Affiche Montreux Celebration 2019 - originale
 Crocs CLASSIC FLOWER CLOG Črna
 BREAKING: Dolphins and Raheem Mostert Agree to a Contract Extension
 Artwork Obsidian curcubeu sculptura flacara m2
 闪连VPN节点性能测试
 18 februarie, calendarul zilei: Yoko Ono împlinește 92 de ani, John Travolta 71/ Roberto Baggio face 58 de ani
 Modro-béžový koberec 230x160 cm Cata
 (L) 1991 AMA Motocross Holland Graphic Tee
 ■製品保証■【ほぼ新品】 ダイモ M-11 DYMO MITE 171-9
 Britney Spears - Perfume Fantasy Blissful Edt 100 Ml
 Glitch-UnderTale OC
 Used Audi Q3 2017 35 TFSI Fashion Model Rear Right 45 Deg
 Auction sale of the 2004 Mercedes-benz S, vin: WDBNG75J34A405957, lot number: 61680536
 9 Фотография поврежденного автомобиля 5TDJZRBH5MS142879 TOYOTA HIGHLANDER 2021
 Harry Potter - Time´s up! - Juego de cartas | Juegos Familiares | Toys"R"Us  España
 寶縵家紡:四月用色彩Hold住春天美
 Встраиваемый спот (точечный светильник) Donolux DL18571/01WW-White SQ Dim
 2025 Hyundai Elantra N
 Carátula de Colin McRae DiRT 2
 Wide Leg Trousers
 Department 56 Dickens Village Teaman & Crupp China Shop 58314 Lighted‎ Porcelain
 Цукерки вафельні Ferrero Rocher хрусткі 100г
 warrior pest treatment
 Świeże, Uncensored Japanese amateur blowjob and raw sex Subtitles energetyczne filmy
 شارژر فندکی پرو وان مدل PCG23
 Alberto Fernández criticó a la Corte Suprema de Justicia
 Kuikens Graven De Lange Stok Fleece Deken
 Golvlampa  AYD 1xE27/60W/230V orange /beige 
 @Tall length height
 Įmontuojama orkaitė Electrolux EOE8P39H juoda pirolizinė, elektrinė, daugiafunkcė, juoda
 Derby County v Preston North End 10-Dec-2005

==========

Assignment:
The lines to quote run from the one containing "Świeże, Uncensored Japanese" through the final line of the material above; please give them exactly, both ends included, and nothing else.

Response box:
 Świeże, Uncensored Japanese amateur blowjob and raw sex Subtitles energetyczne filmy
 شارژر فندکی پرو وان مدل PCG23
 Alberto Fernández criticó a la Corte Suprema de Justicia
 Kuikens Graven De Lange Stok Fleece Deken
 Golvlampa  AYD 1xE27/60W/230V orange /beige 
 @Tall length height
 Įmontuojama orkaitė Electrolux EOE8P39H juoda pirolizinė, elektrinė, daugiafunkcė, juoda
 Derby County v Preston North End 10-Dec-2005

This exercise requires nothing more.